5 Things to Learn from Belleville
To some Belleville is simply the forgotten arts village of Paris. Few people consider the vibrant daily life that takes place in this part of town and what a hidden gem this village truly is.
Belleville is situated in the east of Paris, just above the Père Lachaise Cemetery where Jim Morrison is buried.
To put it bluntly, Belleville is edgy; it is not the Parisian suburb where you’ll drink tea at a sidewalk cafe or make use of the pool at your luxury hotel. It’s raw, it’s rough and it’s real; the three “r”s of Belleville.
There is much to learn from this part of Paris that is yet to be saturated by tourists and consumerism. While everything I’m about to tell you remains true and relevant, Belleville is a place you need to see for yourself in order to understand. Be sure to set aside an afternoon during your time in Pairs to make your way to the east for a few hours.
1. The Most Beautiful Parks Aren’t Always in the City Center
Due to the overwhelming amount of content that exists on the internet regarding the central Parisian parks and gardens, many travelers spend most of their time flocking to the Tuileries, Jardin du Luxembourg or the Champ de Mars.
While undoubtably beautiful, these parks in the centre of the city are usually filled to the brim with picnicking and sunbathing tourists, leaving you little room to properly bathe in the nature of it all.
As we make our way east and into the suburb of Belleville, we learn hard and fast that some of the most beautiful parks in Paris aren’t where you’d expect them to be.
In the center of Belleville is a giant green space called the Parc de Belleville. Like Montmartre, Belleville is a hilltop village and as a result this park boasts beautiful panoramic views over Paris.
Visit by night and you’ll see the Eiffel Tower gleaming in the distance.
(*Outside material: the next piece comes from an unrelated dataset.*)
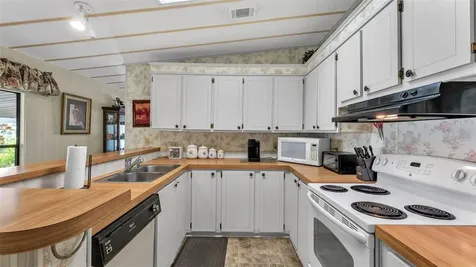 4959 Colonnades Circle W Lakeland FL 33811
By day there is a children’s playground, a vineyard and a museum for visitors to enjoy.
Just slightly north of Belleville is the Parc des Buttes-Chaumont; another exquisite public space that has a lake and waterfall in the center. Being so far from the center of Paris, these parks are usually quiet and you won’t have to fight a stranger for a square meter.
2. Street Art is Alive and Well
Learn it, live it, love it! Street art is definitely alive in other parts of Paris, but in much smaller, more contained portions when compared to the art scene in Belleville.
Just about every wall, trash can and garage door in Belleville features all encompassing graffiti art. The attitude of the village is very much one of tolerance and self expression, and this is heavily reflected through the vast array of works found on the streets.
The two best places in the village to visit if you are wanting to enjoy some impressive works are the Rue Denoyez and the Place Frehel.
Belleville is sometimes referred to by locals in Paris as a center for urban art. A place where street culture exists outside of the usual censorship and restrictions that govern the wealthier suburbs today.
3. Aux Folies Isn’t Going Anywhere
8 Rue de Belleville
Aux Folies is considered by locals to be one of the best bar/restaurant hybrids in all of Paris. Residents of Belleville are fiercely loyal to this place and being here feels like you’re amongst a dozen little families who all know each other from way back.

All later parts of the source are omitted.